_Exercise requirements:_
When you reach the line that contains "蓝色教育教学说课PPT模板 第 4 页缩略图" in the data below, start reproducing lines exactly, and stop after the line that contains "The Bar at 1886".

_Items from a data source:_
++++++
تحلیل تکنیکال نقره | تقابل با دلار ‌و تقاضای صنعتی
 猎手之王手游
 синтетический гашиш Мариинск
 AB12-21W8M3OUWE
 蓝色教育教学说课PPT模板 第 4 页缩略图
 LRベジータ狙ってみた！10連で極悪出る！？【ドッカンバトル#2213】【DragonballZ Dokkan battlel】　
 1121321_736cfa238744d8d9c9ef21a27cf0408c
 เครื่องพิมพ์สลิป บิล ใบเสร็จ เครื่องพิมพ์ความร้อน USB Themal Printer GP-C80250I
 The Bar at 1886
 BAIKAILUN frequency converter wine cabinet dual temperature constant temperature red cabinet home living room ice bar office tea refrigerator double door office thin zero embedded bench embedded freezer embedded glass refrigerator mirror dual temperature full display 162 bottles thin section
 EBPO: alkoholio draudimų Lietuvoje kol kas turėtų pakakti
++++++
_Answer to the problem:_
 蓝色教育教学说课PPT模板 第 4 页缩略图
 LRベジータ狙ってみた！10連で極悪出る！？【ドッカンバトル#2213】【DragonballZ Dokkan battlel】　
 1121321_736cfa238744d8d9c9ef21a27cf0408c
 เครื่องพิมพ์สลิป บิล ใบเสร็จ เครื่องพิมพ์ความร้อน USB Themal Printer GP-C80250I
 The Bar at 1886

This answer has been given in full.